REQUIREMENT ▸
Retype exactly the lines from the one that contains "Tahiri, Kurtit: A" through the end of the listing, both included, but not the pictures.

DATA BLOCK ▸

= = = = = = =

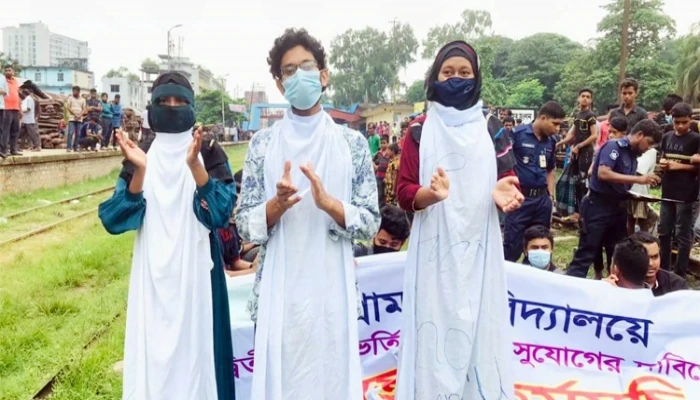 চবিতে দ্বিতীয়বার ভর্তি পরীক্ষার দাবিতে শিক্ষার্থীদের অবস্থান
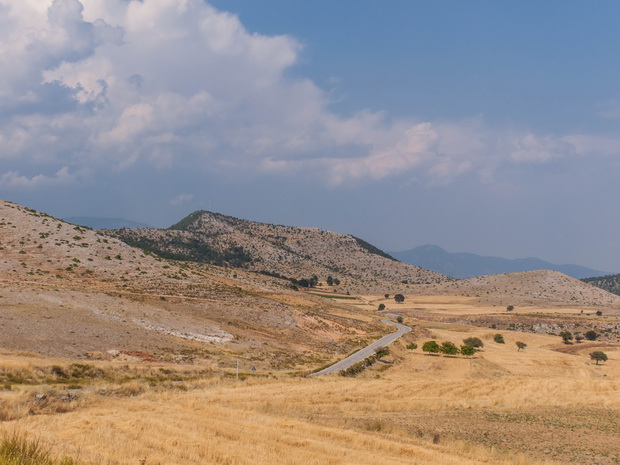 Road over Vegoritida lake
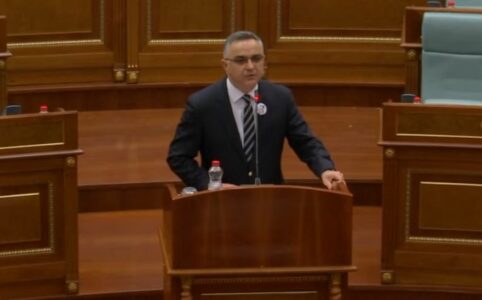Tahiri, Kurtit: A e din që ke formu kabinet me përmasa të Kinës e jo Kosovës me 1.7 milion banorë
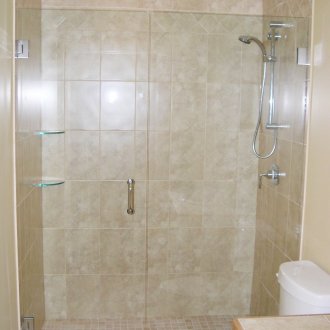 Tirai kaca dalam tab mandi air tawar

= = = = = = =

OUTPUT FOR THIS TASK ▸
Tahiri, Kurtit: A e din që ke formu kabinet me përmasa të Kinës e jo Kosovës me 1.7 milion banorë
 Tirai kaca dalam tab mandi air tawar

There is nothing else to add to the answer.